Ao fundo, luzes ainda iluminavam um aglomerado de edificações baixas chamado El Salvador, fadado a se transformar em breve numa daquelas cidades fantasmas do Velho Oeste americano quando a região do sal ficar insossa de vez.
Estou dando essas voltas pra me distanciar do primeiro tempo desse jogo contra o Cobresal, tão árido como a paisagem que o cercou. Basta dizer que o único lance de perigo criado pelo Timão foi aquela falta cobrada por Lucca que passou rente à trave.
Mas, no segundo, o Timão avançou um pouquinho suas linhas e passou a ter certo predomínio sobre o frágil adversário. A ponto de Yago, na sequência de cobrança de corner, meter de cabeça uma bola no pé do poste inimigo.
O melhor, porém, ficou para o finzinho do jogo, quando Lucca cruzou da direita para Miguel tocar contra as próprias redes: 1 a 0!

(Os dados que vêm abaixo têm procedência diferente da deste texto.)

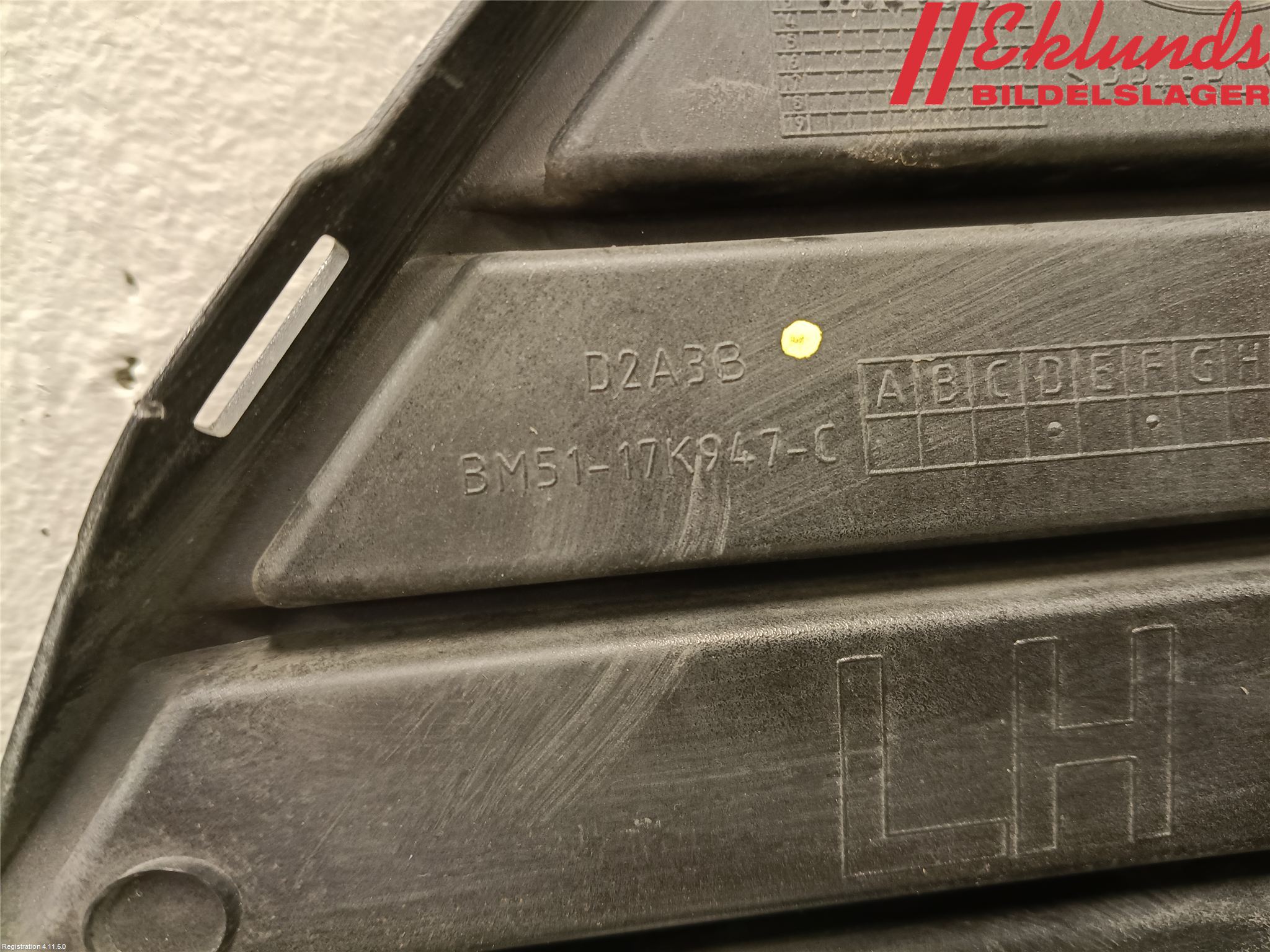 Ford FOCUS 11-14 Grilldel Vänster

Bem ou mal, não importa, num caso como esse em que o Timão, ainda se arrumando, vai ao deserto e colhe a única flor da vitória.
Quem também fez bonito foi o outro alvinegro brasileiro, o Galo, que subiu o morro de Arequipa e volta de lá com uma vitória por 2 a 1, de virada, sobre o Melgar, com um golaço de Rafael Carioca (um balaço no ângulo, do meio da rua) e outro de Patric, que perdera antes duas chances de ouro.
O Galo foi melhor praticamente o tempo todo e já começa dando sinais de que irá longe no torneio, sobretudo depois de incorporar de vez Robinho em seu elenco.
O meu galo doido venceu e até hoje digo aos corintianos;O 1×0 da Flórida Cup foi inesquecível,fregueses !
Na real mesmo, o 3×0 do ano passado que foi inesquecível. Foi um baile pra coroar o título.
E os 4×1 de 2014, com direito a dancinha do Mano, você já esqueceu?